◆ Task statement
Please write the listing below out again exactly, leaving every picture behind.

◆ Given data
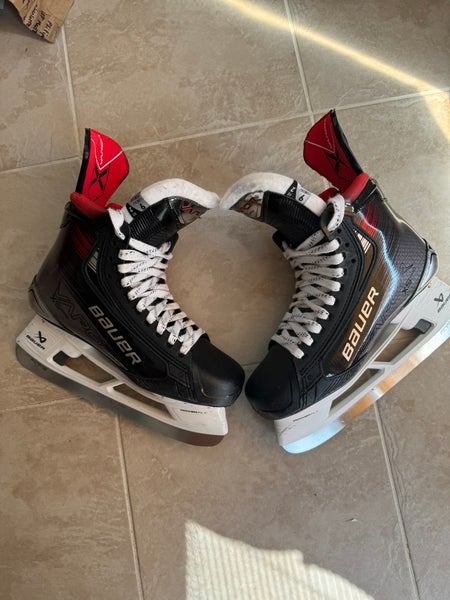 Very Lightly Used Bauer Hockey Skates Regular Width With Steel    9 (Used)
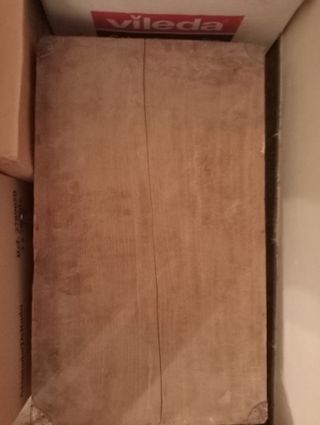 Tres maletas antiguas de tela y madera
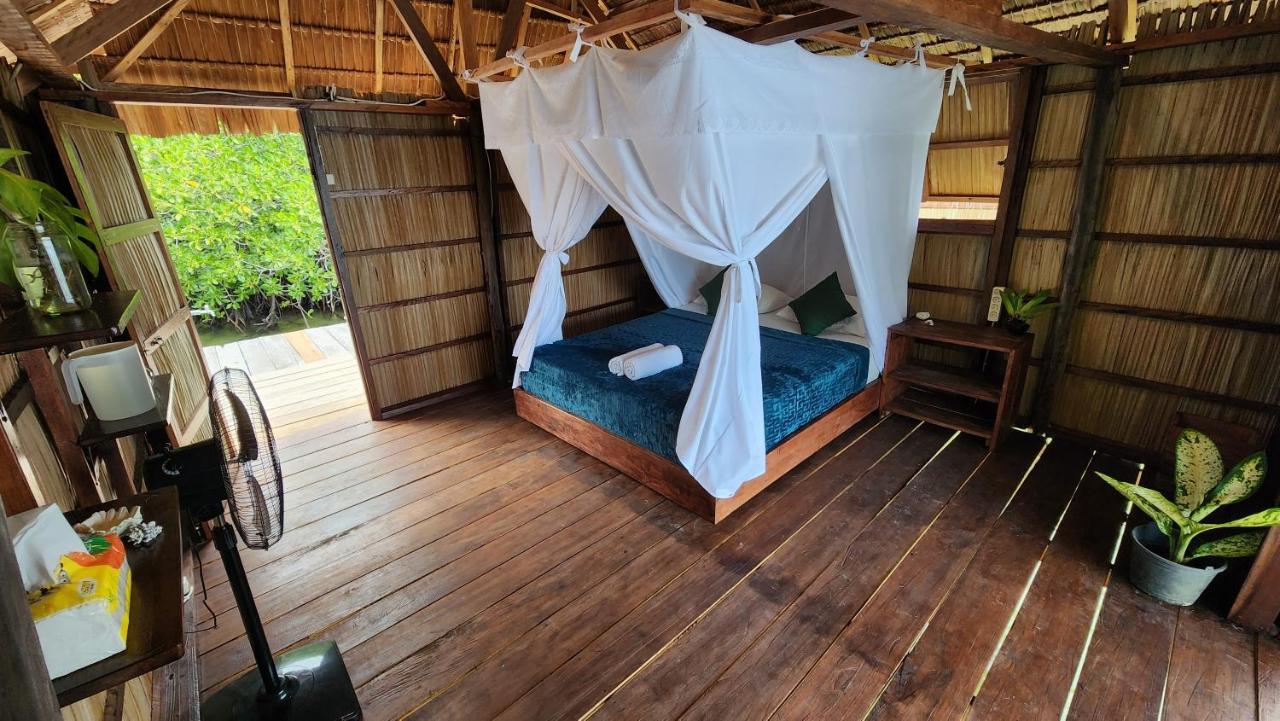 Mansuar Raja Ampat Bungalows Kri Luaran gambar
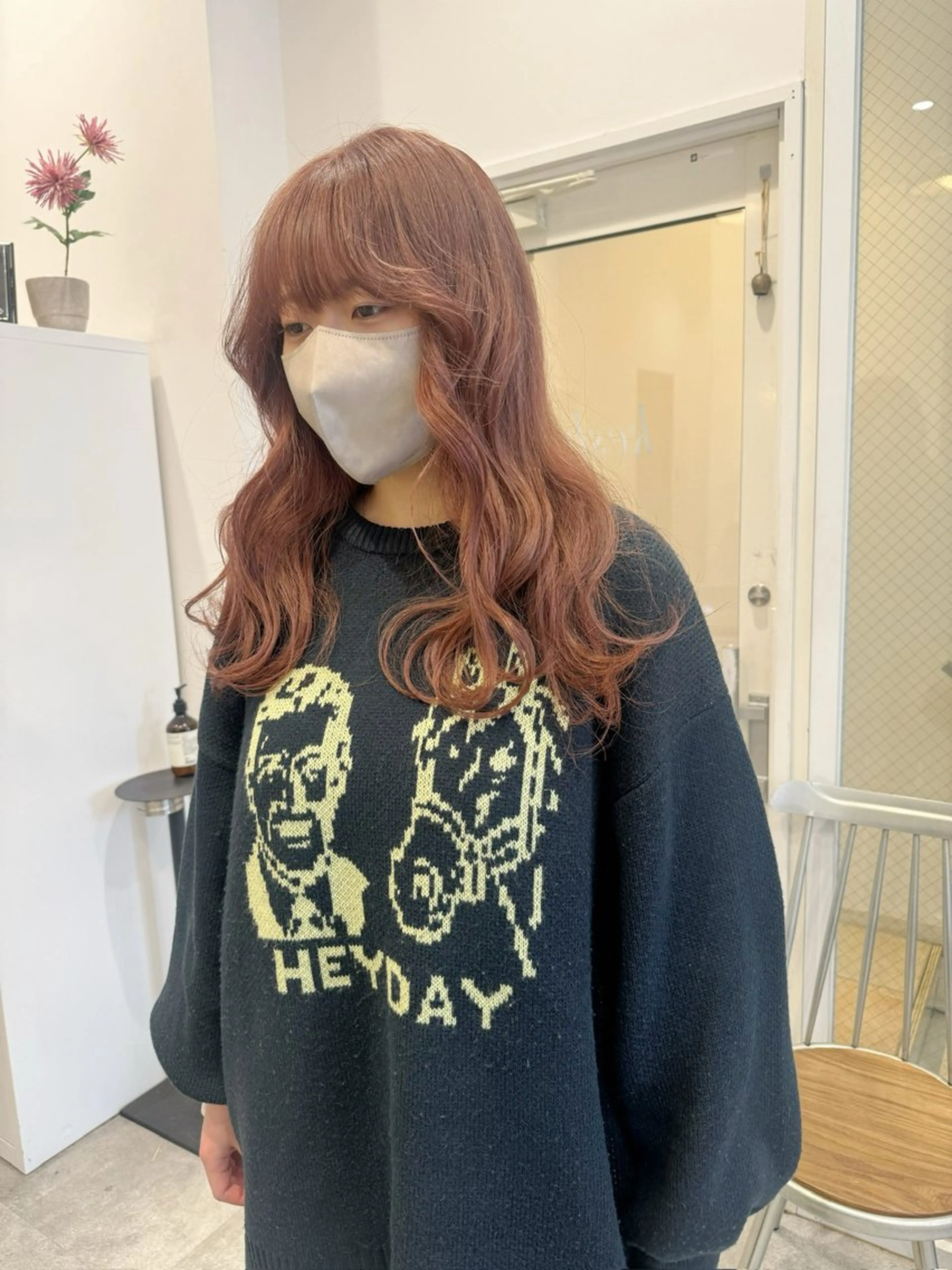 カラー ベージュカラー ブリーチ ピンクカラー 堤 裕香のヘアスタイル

◆ Problem solution
 Very Lightly Used Bauer Hockey Skates Regular Width With Steel    9 (Used)
 Tres maletas antiguas de tela y madera
 Mansuar Raja Ampat Bungalows Kri Luaran gambar
 カラー ベージュカラー ブリーチ ピンクカラー 堤 裕香のヘアスタイル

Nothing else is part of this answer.